» **Required action**
With pictures left out, return only the lines from the line containing "2004 Chrysler Crossfire" through the end of the material below, both included.

» **Recorded information**
□ □ □ □

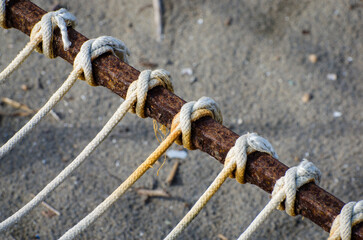 Dettaglio di alcune corde bianche legate in sequenza ad una sbarra di metallo arrugginito sulla spiaggia di Pellestrina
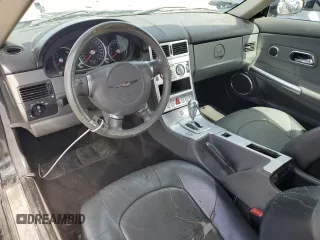 2004 Chrysler Crossfire z VIN 1C3AN69LX4X023972, wystawiony jako Copart lot #49111475 z przebiegiem 208 710 mil mil oraz Szkoda całkowita • Salvage title. Historia ofert i sprzedaży dostępna na DreamBid. Obrazek 8.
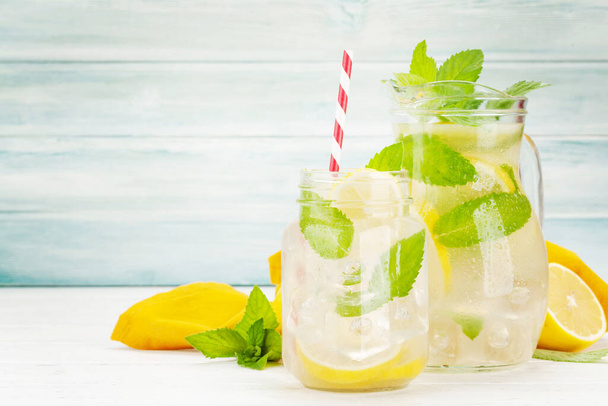 Fresh homemade lemonade with lemon and mint in pitcher and glass jar - Фото, зображення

□ □ □ □

» **Reply**
 2004 Chrysler Crossfire z VIN 1C3AN69LX4X023972, wystawiony jako Copart lot #49111475 z przebiegiem 208 710 mil mil oraz Szkoda całkowita • Salvage title. Historia ofert i sprzedaży dostępna na DreamBid. Obrazek 8.
 Fresh homemade lemonade with lemon and mint in pitcher and glass jar - Фото, зображення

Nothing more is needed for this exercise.